Weekly Feeder: June 9, 2014

Negotiating with online distribution (and/or advertising) platforms, Japan’s Line app pushes to the Americas, how tech privilege may be shaping the Internet of Things, handwriting’s effect on the brain, and a book-to-film summer reading list. ★

Harvard Business Review examines four strategies suppliers (including publishers) might use as they negotiate with online platforms, and how these ideas could apply to Hachette’s situation with Amazon. [Harvard Business Review, HBR Blog Network]
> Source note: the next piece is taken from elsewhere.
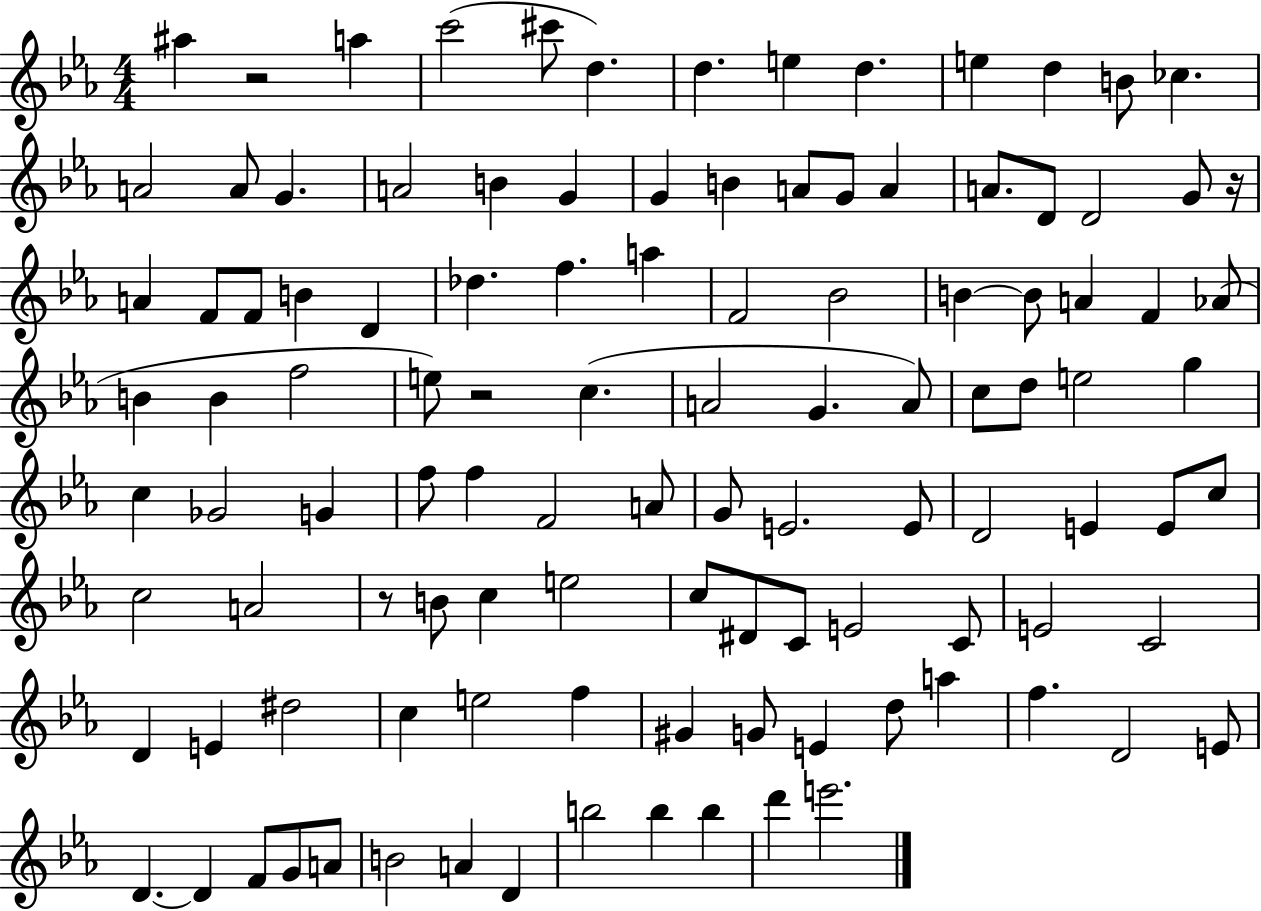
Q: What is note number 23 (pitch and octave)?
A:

• Do you include mobile messaging apps in your marketing and communications plans? The Japanese app Line is poised to expand even further into the Americas. [Advertising Age]
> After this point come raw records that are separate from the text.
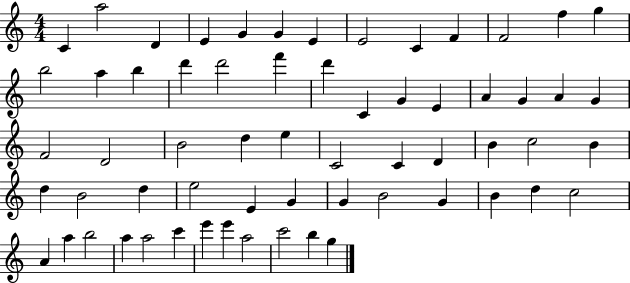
X:1
T:Untitled
M:4/4
L:1/4
K:C
C a2 D E G G E E2 C F F2 f g b2 a b d' d'2 f' d' C G E A G A G F2 D2 B2 d e C2 C D B c2 B d B2 d e2 E G G B2 G B d c2 A a b2 a a2 c' e' e' a2 c'2 b g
This look at “tech privilege” – the assumptions of those developing the technology behind the “Internet of Things” – raises serious privacy, practical, and ethical questions. [Harvard Business Review Blog Network]

More about handwriting and how it affects the brain, plus differences in how the brain process the acts of writing in print versus longhand. [New York Times]

As I read this article, I realized this might be one of my personal stumbling blocks with attempting to learn Korean. (The how-to-write-Hangul book landed on Friday…)

• A diverse – and extensive – “summer reading list” roundup of books with feature film adaptations on the way. [Buzz Sugar]

On that note, Edge of Tomorrow (starring Tom Cruise and Emily Blunt) is excellent – as is the novel that inspired it, All You Need Is Kill by Hiroshi Sakurazaka.

Note: The trailer is for the IMAX version, but it’s also playing in traditional 2D and in 3D.